O crescimento dos lucros, da acumulação de capital, que é instrumento vital para viabilizar combater as
«forças que têm empurrado a economia para uma deriva de espe”ialização sectorial em serviços de baixo valor»
sempre traduzem prejuízo para alguém.
«Prejuízo de quem?» - do Estado que não tributou, do trabalhador que não recebeu em salário o que acabou sendo o lucro.

Este é o BÊABÁ do pensamento de esquerda, que nem gere o capitalismo nem constrói o socialismo, limita-se a vegetar num pântano ideológico de ambições sobre parâmeros que sabe não poder realizar.

TINA's Nemesis disse...

O discurso de Rui Rio não é apenas leviano é mentiroso de propósito, Rio explora (como o Ventura, Portas, Passos, etc.) a ideia de que o socialismo faliu o país e daí a vinda da Troika, é uma tática velha que aproveita-se da ignorância política da pessoas.
É ainda mais grave pois Rio tenta demarcar-se da turba PàF neoliberal que estava a arruinar este país e sua população, ele até diz que é “social democrata”!
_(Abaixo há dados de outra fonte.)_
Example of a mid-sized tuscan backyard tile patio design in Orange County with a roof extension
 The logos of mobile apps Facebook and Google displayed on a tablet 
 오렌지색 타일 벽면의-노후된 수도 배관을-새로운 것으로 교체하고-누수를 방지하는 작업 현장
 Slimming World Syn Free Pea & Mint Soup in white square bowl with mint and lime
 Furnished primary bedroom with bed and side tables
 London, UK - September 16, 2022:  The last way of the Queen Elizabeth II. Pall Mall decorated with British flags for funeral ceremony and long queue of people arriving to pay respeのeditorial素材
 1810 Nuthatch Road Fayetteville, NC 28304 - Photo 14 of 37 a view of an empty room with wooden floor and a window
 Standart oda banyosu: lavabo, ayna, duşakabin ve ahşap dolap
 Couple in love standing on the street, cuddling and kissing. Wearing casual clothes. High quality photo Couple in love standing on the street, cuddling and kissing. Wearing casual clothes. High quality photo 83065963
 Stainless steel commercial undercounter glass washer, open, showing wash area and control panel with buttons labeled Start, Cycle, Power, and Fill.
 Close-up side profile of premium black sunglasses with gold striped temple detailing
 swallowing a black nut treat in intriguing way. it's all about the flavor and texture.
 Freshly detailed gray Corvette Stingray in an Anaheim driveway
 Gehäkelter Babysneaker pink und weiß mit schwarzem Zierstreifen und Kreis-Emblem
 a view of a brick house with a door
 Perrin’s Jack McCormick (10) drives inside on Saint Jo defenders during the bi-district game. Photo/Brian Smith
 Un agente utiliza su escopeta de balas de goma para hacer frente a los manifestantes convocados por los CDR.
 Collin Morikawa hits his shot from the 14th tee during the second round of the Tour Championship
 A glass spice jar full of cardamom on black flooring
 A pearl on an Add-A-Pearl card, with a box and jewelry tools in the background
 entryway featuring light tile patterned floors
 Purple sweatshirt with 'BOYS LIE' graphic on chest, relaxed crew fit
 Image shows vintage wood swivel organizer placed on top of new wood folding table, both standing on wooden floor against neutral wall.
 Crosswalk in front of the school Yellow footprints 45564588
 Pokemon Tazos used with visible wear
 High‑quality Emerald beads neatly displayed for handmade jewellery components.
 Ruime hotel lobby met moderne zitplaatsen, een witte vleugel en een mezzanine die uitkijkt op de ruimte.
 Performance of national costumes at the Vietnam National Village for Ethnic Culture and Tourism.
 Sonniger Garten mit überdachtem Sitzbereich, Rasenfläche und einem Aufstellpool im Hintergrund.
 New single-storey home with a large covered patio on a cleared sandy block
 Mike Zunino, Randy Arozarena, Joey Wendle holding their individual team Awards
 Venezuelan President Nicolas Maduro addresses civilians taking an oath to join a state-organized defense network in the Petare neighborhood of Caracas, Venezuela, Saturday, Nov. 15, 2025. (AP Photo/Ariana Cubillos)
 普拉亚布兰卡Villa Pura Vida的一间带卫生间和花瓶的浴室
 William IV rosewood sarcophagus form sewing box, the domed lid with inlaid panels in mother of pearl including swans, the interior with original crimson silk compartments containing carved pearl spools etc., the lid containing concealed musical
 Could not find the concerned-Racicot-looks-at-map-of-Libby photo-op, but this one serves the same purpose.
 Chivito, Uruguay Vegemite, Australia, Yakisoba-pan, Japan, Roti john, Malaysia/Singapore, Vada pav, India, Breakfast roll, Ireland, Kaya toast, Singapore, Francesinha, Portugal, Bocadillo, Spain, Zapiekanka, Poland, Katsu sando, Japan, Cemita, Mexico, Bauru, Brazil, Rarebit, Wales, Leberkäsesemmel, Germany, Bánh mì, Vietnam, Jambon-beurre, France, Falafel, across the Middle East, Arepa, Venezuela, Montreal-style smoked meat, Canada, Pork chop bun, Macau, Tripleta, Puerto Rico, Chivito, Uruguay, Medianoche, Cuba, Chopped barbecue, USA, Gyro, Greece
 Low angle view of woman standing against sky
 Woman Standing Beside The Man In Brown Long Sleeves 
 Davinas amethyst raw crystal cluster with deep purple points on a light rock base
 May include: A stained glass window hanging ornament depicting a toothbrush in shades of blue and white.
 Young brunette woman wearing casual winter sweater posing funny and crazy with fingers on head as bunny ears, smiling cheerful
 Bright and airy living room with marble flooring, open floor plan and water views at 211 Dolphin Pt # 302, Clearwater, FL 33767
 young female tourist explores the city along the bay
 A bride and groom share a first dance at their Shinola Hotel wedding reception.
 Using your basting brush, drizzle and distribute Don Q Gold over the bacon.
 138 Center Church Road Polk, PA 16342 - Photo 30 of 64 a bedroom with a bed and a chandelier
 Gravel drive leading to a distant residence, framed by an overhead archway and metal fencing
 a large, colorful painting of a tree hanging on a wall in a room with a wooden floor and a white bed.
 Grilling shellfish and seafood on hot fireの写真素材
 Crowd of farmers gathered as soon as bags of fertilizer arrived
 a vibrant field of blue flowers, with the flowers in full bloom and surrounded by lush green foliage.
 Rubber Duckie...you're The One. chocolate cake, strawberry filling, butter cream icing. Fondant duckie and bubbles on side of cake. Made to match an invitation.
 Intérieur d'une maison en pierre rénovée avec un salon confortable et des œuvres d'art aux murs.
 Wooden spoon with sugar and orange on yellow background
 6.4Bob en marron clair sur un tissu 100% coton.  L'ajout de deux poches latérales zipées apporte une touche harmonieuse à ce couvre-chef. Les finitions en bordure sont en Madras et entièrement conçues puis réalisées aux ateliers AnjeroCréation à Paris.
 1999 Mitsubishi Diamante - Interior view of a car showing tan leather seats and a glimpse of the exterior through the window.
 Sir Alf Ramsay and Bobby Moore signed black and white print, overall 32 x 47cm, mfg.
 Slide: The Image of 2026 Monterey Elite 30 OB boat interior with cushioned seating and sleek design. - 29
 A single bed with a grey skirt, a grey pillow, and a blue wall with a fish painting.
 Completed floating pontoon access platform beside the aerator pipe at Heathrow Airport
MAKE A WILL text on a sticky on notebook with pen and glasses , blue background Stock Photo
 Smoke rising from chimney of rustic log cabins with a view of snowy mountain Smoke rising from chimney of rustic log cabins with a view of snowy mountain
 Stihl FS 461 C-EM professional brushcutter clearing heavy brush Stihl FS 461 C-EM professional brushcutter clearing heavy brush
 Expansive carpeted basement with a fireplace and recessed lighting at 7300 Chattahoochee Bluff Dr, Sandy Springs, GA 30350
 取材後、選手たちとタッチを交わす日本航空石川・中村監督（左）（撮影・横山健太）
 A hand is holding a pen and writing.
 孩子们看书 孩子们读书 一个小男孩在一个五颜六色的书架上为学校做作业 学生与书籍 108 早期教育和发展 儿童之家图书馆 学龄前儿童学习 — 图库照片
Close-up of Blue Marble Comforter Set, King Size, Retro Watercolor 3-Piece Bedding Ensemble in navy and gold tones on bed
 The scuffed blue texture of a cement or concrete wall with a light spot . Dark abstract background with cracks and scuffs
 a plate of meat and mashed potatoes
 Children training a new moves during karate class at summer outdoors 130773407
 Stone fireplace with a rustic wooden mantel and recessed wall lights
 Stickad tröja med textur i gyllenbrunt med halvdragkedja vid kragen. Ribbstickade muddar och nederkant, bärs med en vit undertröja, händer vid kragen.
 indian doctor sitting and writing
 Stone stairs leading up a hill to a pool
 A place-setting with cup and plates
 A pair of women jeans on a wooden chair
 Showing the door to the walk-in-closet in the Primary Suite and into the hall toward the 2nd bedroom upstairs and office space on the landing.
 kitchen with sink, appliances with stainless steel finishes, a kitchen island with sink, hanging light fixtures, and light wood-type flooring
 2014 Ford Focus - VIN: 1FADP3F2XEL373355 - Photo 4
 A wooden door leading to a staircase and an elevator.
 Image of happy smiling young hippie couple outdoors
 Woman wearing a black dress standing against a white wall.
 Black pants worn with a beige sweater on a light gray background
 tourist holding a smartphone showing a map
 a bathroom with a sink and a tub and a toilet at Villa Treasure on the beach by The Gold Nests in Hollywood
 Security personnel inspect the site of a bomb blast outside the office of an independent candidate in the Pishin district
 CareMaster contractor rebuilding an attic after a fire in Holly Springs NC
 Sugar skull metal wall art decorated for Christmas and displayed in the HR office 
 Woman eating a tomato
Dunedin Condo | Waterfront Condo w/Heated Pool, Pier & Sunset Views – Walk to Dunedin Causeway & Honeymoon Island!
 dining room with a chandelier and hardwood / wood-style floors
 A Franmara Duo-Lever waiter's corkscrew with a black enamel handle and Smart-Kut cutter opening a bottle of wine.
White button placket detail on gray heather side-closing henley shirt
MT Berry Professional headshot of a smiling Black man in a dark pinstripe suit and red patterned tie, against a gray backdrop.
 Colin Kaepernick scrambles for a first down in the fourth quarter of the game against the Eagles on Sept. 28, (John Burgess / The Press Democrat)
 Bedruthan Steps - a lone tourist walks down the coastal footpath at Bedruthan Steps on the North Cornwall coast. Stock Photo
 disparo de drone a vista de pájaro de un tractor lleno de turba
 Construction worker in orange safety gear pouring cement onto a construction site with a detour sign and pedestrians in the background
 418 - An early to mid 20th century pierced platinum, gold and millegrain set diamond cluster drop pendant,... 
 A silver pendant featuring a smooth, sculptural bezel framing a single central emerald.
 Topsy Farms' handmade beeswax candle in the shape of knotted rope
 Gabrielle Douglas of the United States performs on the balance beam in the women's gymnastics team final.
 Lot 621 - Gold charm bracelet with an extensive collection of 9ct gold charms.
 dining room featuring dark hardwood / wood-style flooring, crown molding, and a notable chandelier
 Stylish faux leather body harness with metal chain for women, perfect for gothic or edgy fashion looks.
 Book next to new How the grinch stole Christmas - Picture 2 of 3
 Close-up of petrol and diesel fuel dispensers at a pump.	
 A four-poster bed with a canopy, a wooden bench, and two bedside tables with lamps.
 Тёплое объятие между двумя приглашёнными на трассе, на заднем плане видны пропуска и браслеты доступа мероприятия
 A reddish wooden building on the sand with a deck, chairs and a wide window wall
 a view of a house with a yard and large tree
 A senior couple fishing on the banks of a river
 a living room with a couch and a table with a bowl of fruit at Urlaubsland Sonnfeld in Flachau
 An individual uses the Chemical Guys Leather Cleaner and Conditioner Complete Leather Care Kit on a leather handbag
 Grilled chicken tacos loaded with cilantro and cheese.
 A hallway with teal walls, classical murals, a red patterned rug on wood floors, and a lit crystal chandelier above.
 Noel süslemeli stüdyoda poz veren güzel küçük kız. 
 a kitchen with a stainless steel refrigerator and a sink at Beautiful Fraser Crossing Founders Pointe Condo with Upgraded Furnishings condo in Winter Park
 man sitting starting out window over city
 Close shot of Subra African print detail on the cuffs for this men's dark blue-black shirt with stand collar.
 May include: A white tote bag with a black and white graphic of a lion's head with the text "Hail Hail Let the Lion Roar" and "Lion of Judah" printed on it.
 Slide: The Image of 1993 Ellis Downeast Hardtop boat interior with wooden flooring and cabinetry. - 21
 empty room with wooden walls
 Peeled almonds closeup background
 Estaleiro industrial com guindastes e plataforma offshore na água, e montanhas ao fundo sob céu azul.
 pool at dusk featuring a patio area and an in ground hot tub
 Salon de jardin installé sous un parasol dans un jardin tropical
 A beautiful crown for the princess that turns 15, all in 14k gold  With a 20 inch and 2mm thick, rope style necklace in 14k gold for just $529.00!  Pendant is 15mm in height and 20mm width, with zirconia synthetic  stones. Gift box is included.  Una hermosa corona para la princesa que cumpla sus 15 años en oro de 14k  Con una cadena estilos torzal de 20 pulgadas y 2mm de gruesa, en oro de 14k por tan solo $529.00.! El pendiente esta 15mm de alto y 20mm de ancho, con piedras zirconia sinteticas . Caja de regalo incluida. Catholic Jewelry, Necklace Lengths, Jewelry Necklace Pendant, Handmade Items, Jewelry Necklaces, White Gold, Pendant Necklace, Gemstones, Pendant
Políticos como Rio, Rangel e Costa claramente não querem resolver os problemas que os seus partidos criaram a Portugal.
A última coisa que Rio, Rangel e Costa querem é que se faça um diagnóstico sério, um diagnóstico sério levaria à conclusão de que o Partido “Socialista” e o Partido “Social Democrata” são responsáveis por meterem Portugal na conspiração anti-democrática e austeritária União Europeia/ Euro que criou a estagnação...
Um diagnóstico sério também vai levar à conclusão que não houve bancarrota em 2011, que a austeridade só serviu para transferir rendimento e poder da base para o topo.